§ **What to produce**
In the entries below, find the line with "Bible Study on" and the line with "Sopa, beyaz bir", then retype both and everything between them exactly. Do not copy the pictures.
(Supplied entries)
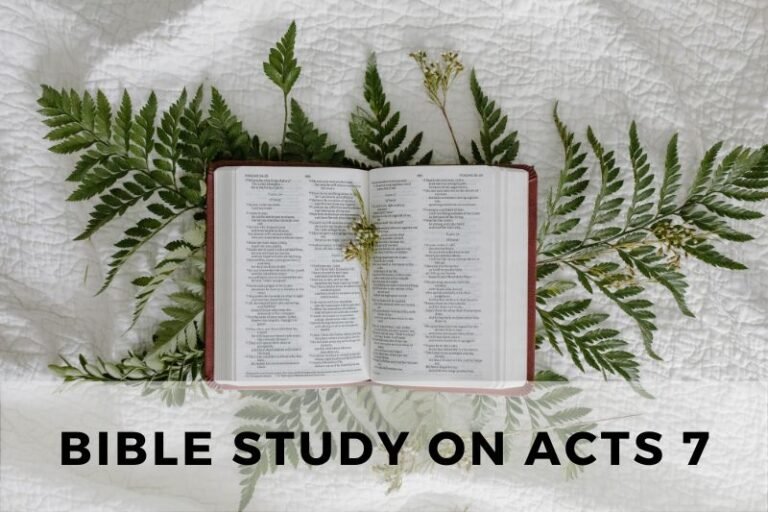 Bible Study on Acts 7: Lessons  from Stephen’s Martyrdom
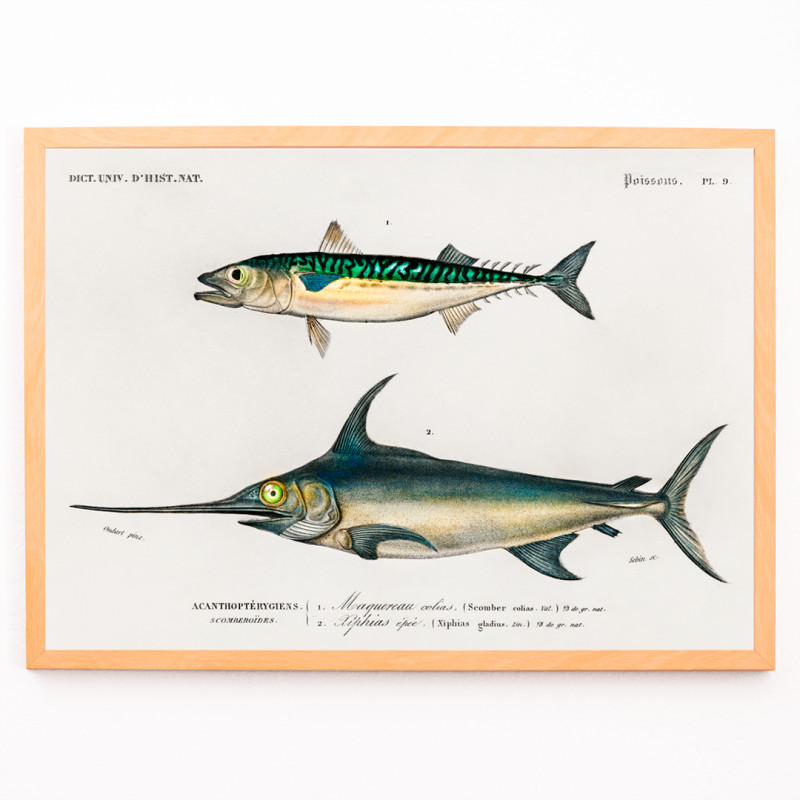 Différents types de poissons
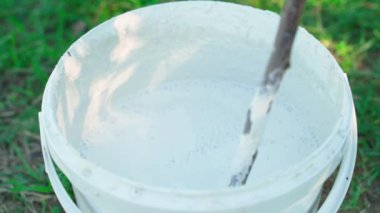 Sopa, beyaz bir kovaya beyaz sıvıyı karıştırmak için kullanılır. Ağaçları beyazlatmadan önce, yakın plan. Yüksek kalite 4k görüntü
(End Supplied entries)
(Supplied entries)
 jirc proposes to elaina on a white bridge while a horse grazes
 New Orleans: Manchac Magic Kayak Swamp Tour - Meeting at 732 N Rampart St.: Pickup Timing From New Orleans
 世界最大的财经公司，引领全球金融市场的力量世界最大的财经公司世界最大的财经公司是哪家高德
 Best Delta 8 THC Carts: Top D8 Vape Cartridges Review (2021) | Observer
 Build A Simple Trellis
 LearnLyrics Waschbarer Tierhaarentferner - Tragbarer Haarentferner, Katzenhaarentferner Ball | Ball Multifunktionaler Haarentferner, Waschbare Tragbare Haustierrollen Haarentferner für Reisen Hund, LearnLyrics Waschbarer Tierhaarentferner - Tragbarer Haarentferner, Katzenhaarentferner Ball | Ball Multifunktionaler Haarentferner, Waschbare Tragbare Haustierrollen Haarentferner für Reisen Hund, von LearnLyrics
(End Supplied entries)
§ **Task answer**
 Bible Study on Acts 7: Lessons  from Stephen’s Martyrdom
 Différents types de poissons
 Sopa, beyaz bir kovaya beyaz sıvıyı karıştırmak için kullanılır. Ağaçları beyazlatmadan önce, yakın plan. Yüksek kalite 4k görüntü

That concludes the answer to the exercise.